I have 50 euro / c. 40 pounds I want to use on a box set and I am very curious as to what box set you think is essential or you particularly love in this price range. Just to limit the choice I am only thinking orchestral music post Beethoven. 

thanks !


----------



## tahnak

One that comes to mind is a DVD box set called "Classical Destinations" that is priced at USD 34 and another that comes to mind is Richard Wagner's complete Der Ring Des Nibelungen on CDs by Georg Solti and the Wiener Philharmoniker on Decca that should be within your budget.


----------



## Jaime77

I looked and The Ring is 100 euro on itunes  I'd rather not do the whole ebay thing so anyone else suggesting forget about great low deals - Wagner isn't a bad idea since I have none. I wouldn't know where to start with Wagner though.


----------



## Donboy

Why don't you pick a composer that you like, and choose a set of his/her works, or do research into who influenced him, and explore their works?


----------



## nickgray

Shostakovich's Symphonies by Jansons. The quality/price ratio on that one is insanely big, a must have if you're not (or vaguely) familiar with Dmitri Dmitrievich's symphonies.

Beethoven's Symphonies by Norrington, controversial, fast and uncompromising interpretation. For a fresh look on Ludwig's symphonies - this is the best set to choose.

Dvorak's symphonies, Kertesz or Kubelik

Schubert's symphonies, Bohm


----------



## Jaime77

These are great suggestions. Unfortunately the shostakovich is not available on itunes. How annoying. 
I have Beethoven Norrington and love it. Any more ideas anyone?


----------



## bassClef

What's the point in getting a box set in iTunes? Get a real one! I just bought the Suk small box set (4 CDs) and even the packaging gives me pleasure


----------



## nickgray

jaibyrne said:


> not available on itunes. How annoying.


Uhhhh... spending money on lossy audio with drm? Who in the world would _buy_ from itunes when you can get lossless for free?


----------



## Mirror Image

nickgray said:


> Shostakovich's Symphonies by Jansons. The quality/price ratio on that one is insanely big, a must have if you're not (or vaguely) familiar with Dmitri Dmitrievich's symphonies.

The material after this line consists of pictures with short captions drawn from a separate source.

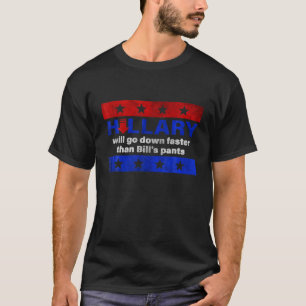 Hillary zal sneller omlaag gaan dan Bill's pants, T-shirt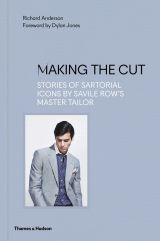 Making the Cut: Stories of Sartorial Icons by Savile Row’s Master Tailor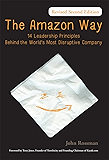 The Amazon Way: 14 Leadership Principles Behind the World's Most Disruptive Company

Is Shostakovich really a good choice to somebody who is still getting into classical music? I LOVE Shostakovich, but he's certainly an acquired taste, don't you think?

By the way, I wouldn't have suggested the Jansons set, I had received a defective pressing of it, as did many other people. I believe it was the 6th disc that was defective.


----------



## nickgray

Mirror Image said:


> Is Shostakovich really a good choice to somebody who is still getting into classical music? I LOVE Shostakovich, but he's certainly an acquired taste, don't you think?

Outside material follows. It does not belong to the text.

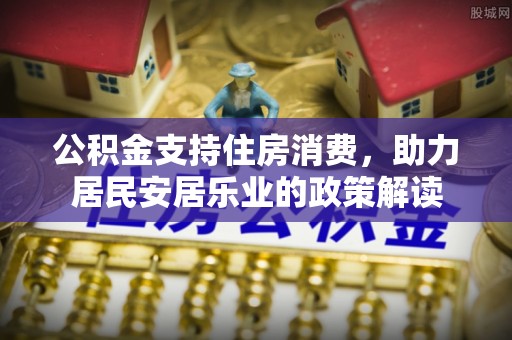 湛河公积金支持住房消费，助力居民安居乐业的政策解读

It depends, I guess. I got into classical (meaning seriously, not vivaldi-four-seasons like) when I heard Wagner's Ring by Bohm. Not exactly a good first choice  I don't really think there are good first choices - classical music is huge, composers usually write quite a lot of stuff, and finding in this mess a piece that will "get" you into classical can be most troublesome.


----------



## Jaime77

I am not getting into classical at all. I have about 300 CDs already but of course there are gaps in my collection and I came here to see what came to people's minds for great box sets. 

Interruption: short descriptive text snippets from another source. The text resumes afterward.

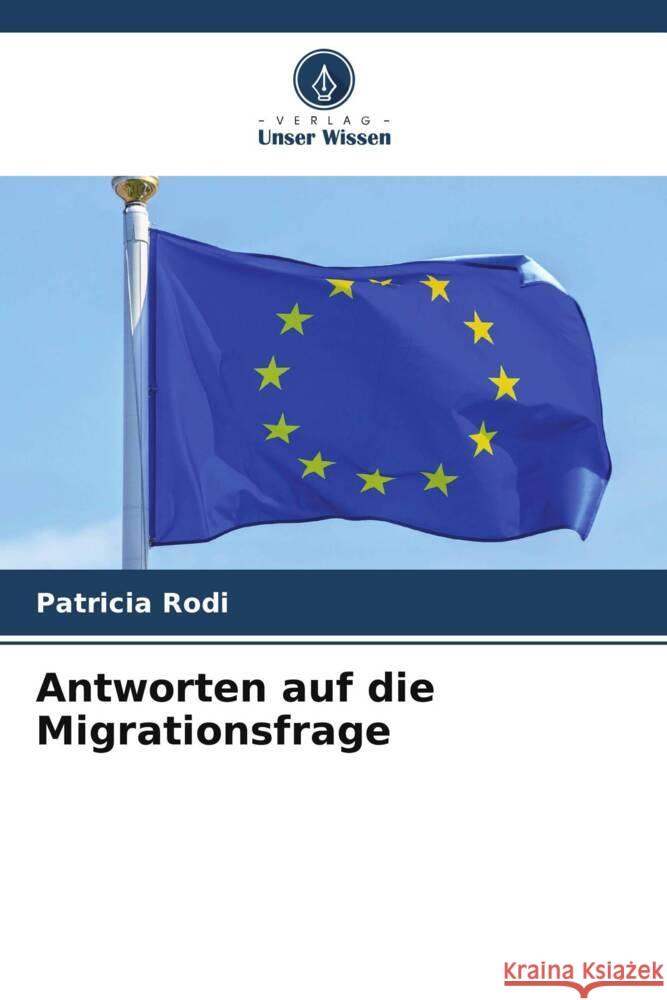 Antworten auf die Migrationsfrage Rodi, Patricia 9786208241032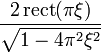  \frac{2\, \operatorname{rect}(\pi\xi)}{\sqrt{1 - 4 \pi^2 \xi^2}} 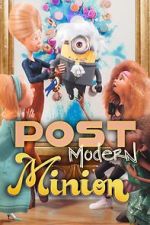Watch Post Modern Minion Freemovieswatch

As for downloading without paying, nickgray - that's fine if you can get exactly what you want but it aint so simple. The choices out there are limited in my experience and also it takes ages to download torrents on my laptop. I am committed to spending money  also itunes plus is drm free. 
I get what your saying about packaging, bass clef but right now I am goin down the itunes road, screw waiting for deliveries from amazon (bear in mind I live in the middle of nowhere too). i don't really collect discs anymore - I am all on computer now. 

Keep the suggestions coming


----------



## Mirror Image

jaibyrne said:


> I am not getting into classical at all. I have about 300 CDs already but of course there are gaps in my collection and I came here to see what came to people's minds for great box sets.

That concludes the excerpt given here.